■ **Work task**: With the pictures left out, restate exactly the part below that opens with the line containing "dětské kraťasy adidas" and closes with the line containing "Pink Homecoming Dresses".

■ **Supplied data**:

<<<<

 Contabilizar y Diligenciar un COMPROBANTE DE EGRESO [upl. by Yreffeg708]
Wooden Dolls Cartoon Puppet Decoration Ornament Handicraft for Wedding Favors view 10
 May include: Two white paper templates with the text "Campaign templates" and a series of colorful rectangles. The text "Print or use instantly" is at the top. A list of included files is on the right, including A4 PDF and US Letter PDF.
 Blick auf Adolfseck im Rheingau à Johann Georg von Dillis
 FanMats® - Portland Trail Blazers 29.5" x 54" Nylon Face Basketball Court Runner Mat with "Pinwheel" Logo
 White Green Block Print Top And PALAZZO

>>>>
<<<<

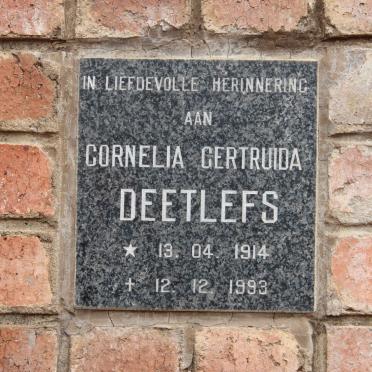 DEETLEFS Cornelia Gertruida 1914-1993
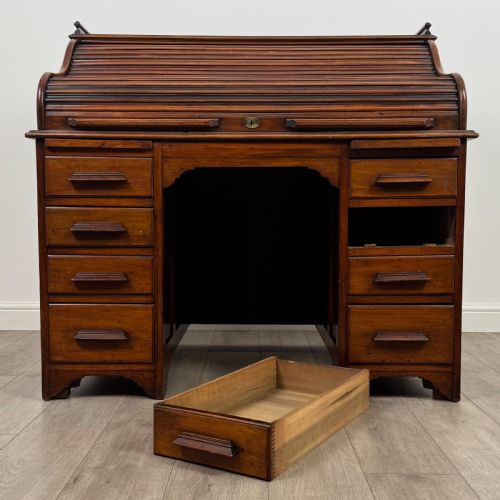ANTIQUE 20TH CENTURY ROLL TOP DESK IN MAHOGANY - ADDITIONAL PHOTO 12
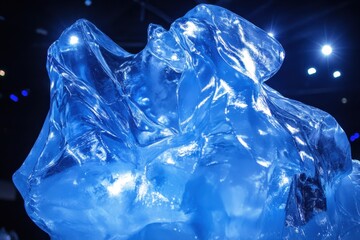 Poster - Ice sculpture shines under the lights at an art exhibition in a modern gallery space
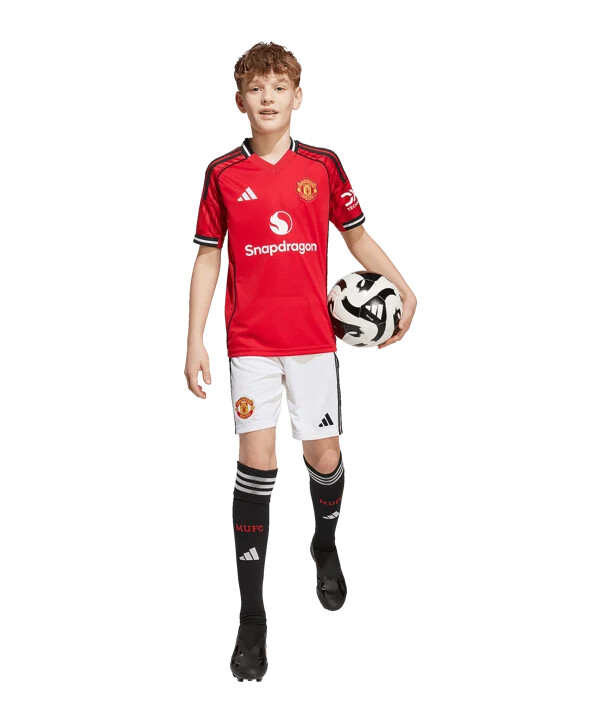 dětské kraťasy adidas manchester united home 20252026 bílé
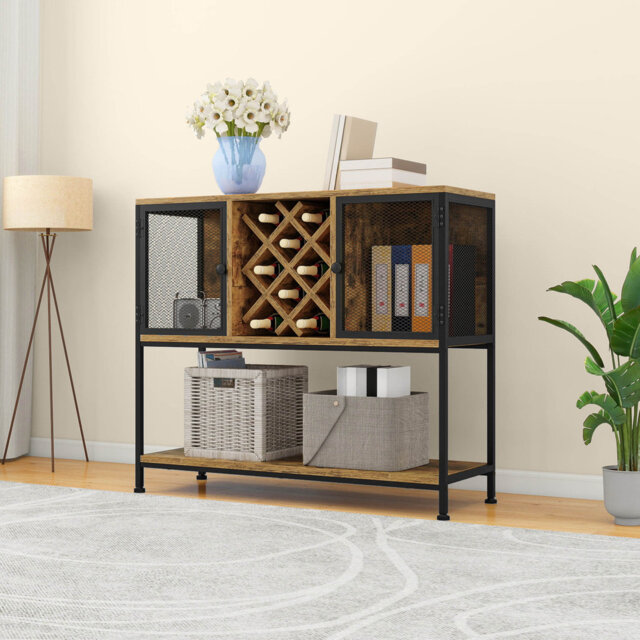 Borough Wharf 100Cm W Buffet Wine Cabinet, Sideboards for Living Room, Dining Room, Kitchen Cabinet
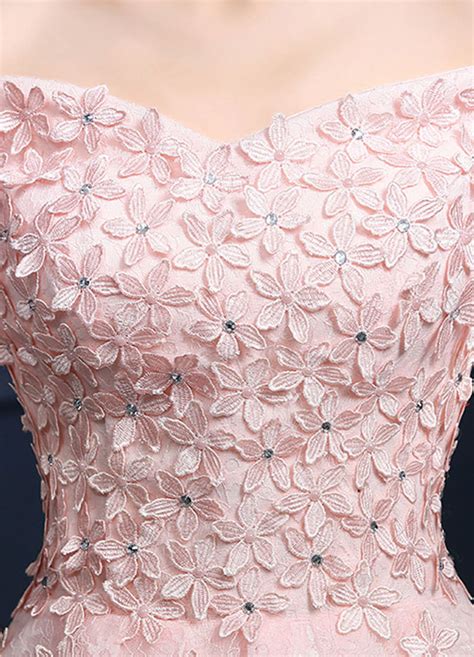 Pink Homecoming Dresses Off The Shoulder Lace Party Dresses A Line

>>>>
<<<<

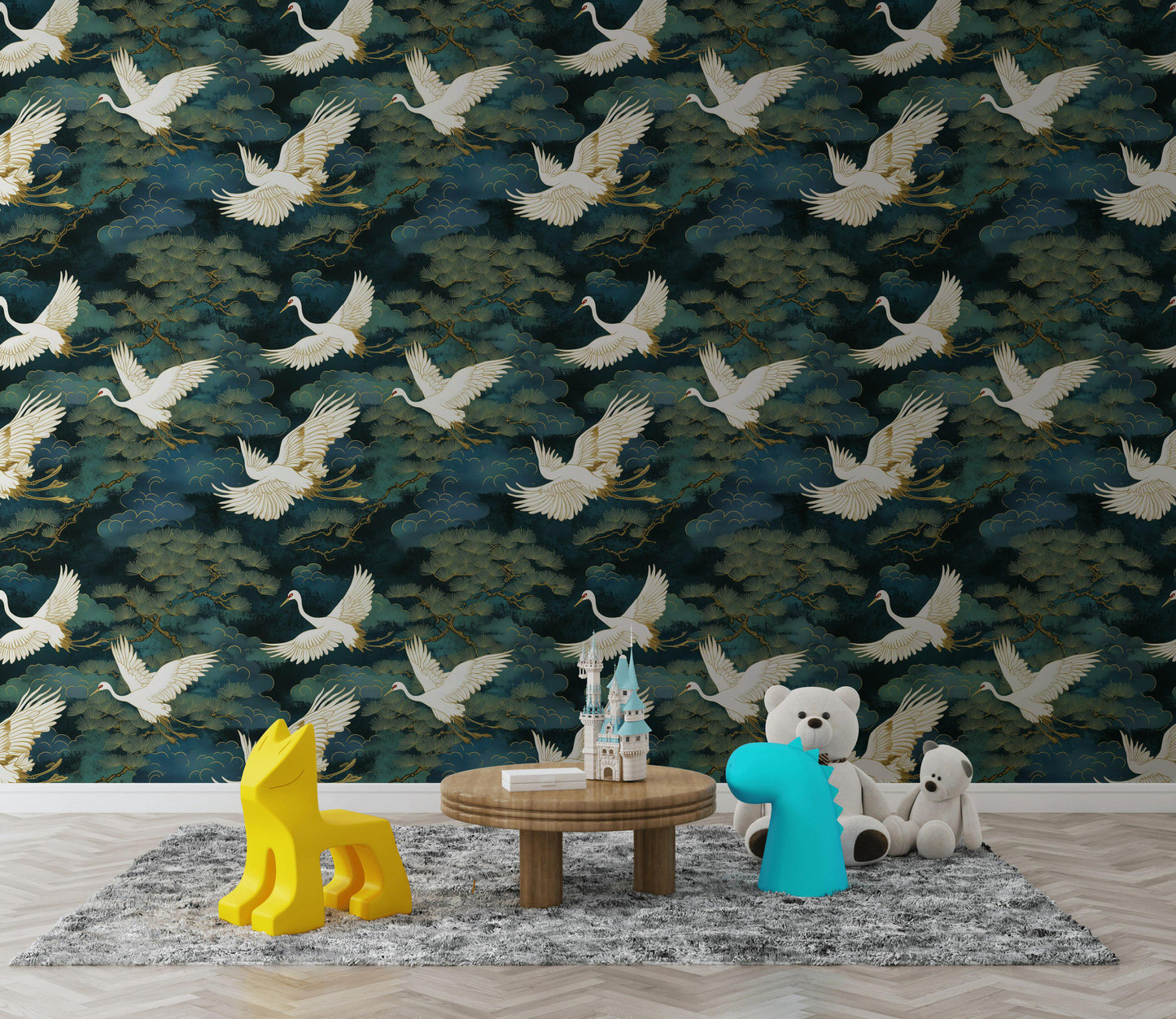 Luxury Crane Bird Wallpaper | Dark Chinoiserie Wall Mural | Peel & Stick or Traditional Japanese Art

>>>>

■ **Result**:
 dětské kraťasy adidas manchester united home 20252026 bílé
 Borough Wharf 100Cm W Buffet Wine Cabinet, Sideboards for Living Room, Dining Room, Kitchen Cabinet
 Pink Homecoming Dresses Off The Shoulder Lace Party Dresses A Line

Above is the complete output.